In disposing of phosphoric acid waste, simply neutralizing the waste with caustic and sending it to a wastewater treatment plant (WWTP) often is not an option because the resulting phosphate salts are soluble in water and the total amount of phosphate that can be discharged from the WWTP is strictly controlled for environmental reasons. Incineration methods are sometimes used, but they can be expensive and generally do not allow recovery of the phosphate content.
A number of years ago we implemented an alternative method involving reaction of phosphoric acid with hydrated or “slaked” lime (Ca(OH)2 particles slurried in water) to precipitate calcium phosphate solids. The processing scheme involved adding slaked lime to a batch of phosphoric acid in a stirred tank, and filtration of calcium phosphate solids from the resulting slurry; we opted for batch operation as it fit well into the specialty chemicals plant where the phosphoric acid waste was generated. Because calcium phosphate solids are only sparingly soluble in water at neutral pH, the filtrate from this process could be sent to the WWTP. The low product solubility not only allowed removal of more than 95% of the phosphate present in the feed, but also made the task of building large, filterable particles challenging. This article explains why and illustrates the importance of understanding and controlling solute supersaturation levels in a crystallization operation.

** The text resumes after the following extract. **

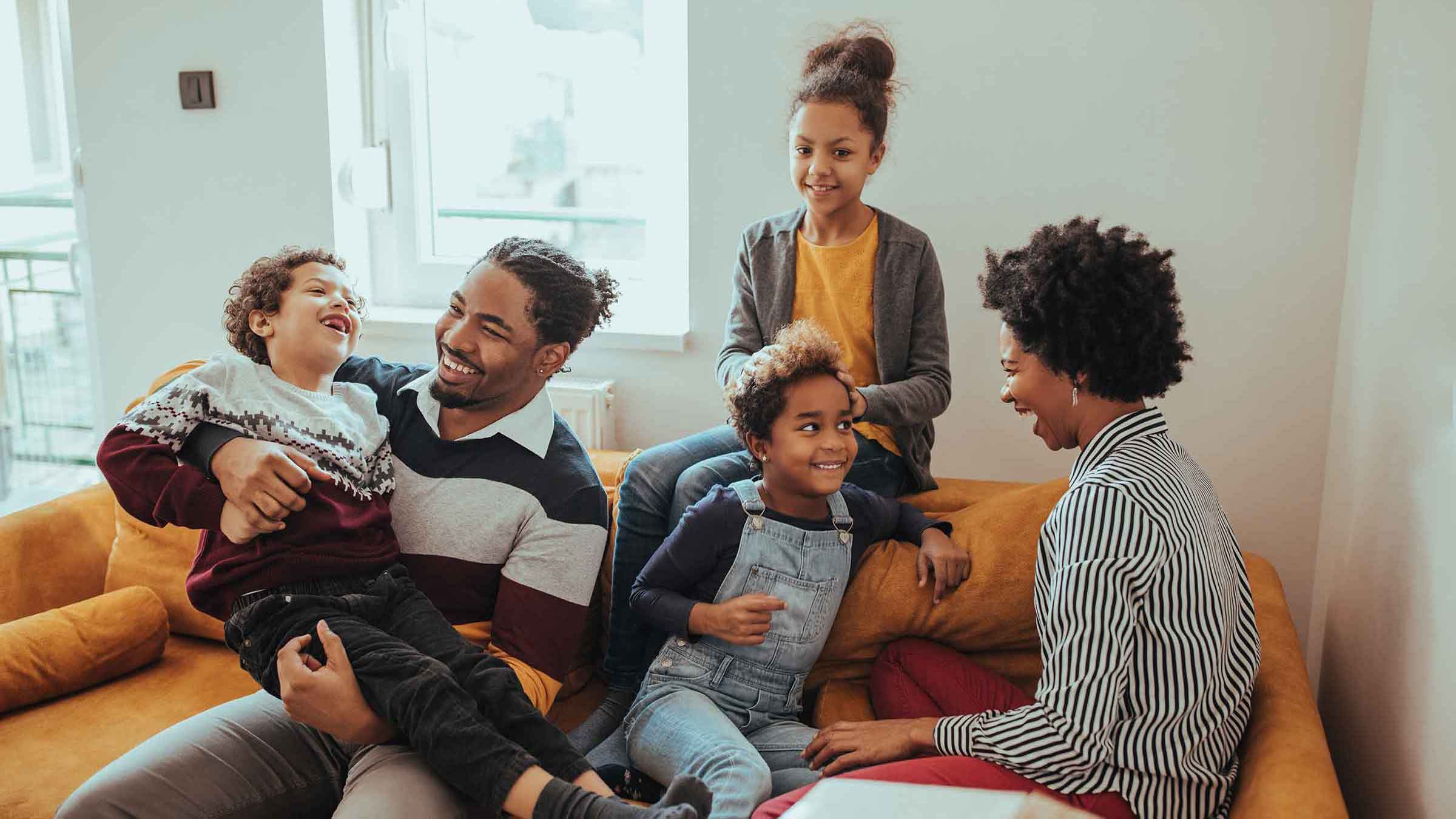 A family sits together laughing on a couch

Chemistry and product solubility
The mix of calcium phosphate reaction products generated depends upon the ion speciation — that is, the type of ions present in solution, whether Ca2+, H2PO4-, HPO42-, or PO43-, among others. This depends upon pH and also upon whether the products of the various possible calcium phosphate reactions are fairly soluble and able to undergo further reaction in solution, or only sparingly soluble. A review of the literature [1, 2] indicates that hydroxyapatite, Ca10 (PO4)6(OH)2, is the primary product obtained at alkaline conditions, while dicalcium phosphate dihydrate, CaHPO4•2H2O, is the primary product at pH 2-4 and temperatures below 80°C. We focused our efforts on crystallizing CaHPO4•2H2O. Understanding the reaction product’s solubility behavior in the mother liquor is critical to understanding supersaturation, the driving force for crystallization. Figure 1 illustrates the solubility/dissociation behavior of CaHPO4•2H2O in water at pH 2-5 and 37°C, as estimated from solubility isotherms reported by Elliott . Solubility decreases rapidly above a pH of about 2.5. This corresponds to the pKd value of the dissociation constant for that compound. At pH 7, the solubility of CaHPO4•2H2O is about 150 ppm.
Promoting crystal growth
The relationship between nucleation and growth provides the basis for understanding the conditions needed to promote crystal growth. For dicalcium phosphate, the supersaturation level can be expressed as:
where g denotes the activity coefficients for the ions in solution, [Ca2+] and [HPO42-] are the concentrations of ions in the supersaturated solution, and Ksp is the solubility product, which equals [Ca2+][HPO42-] at equilibrium at the given solution conditions. The numerator is the ionic activity in the supersaturated solution and the denominator represents thermodynamic equilibrium.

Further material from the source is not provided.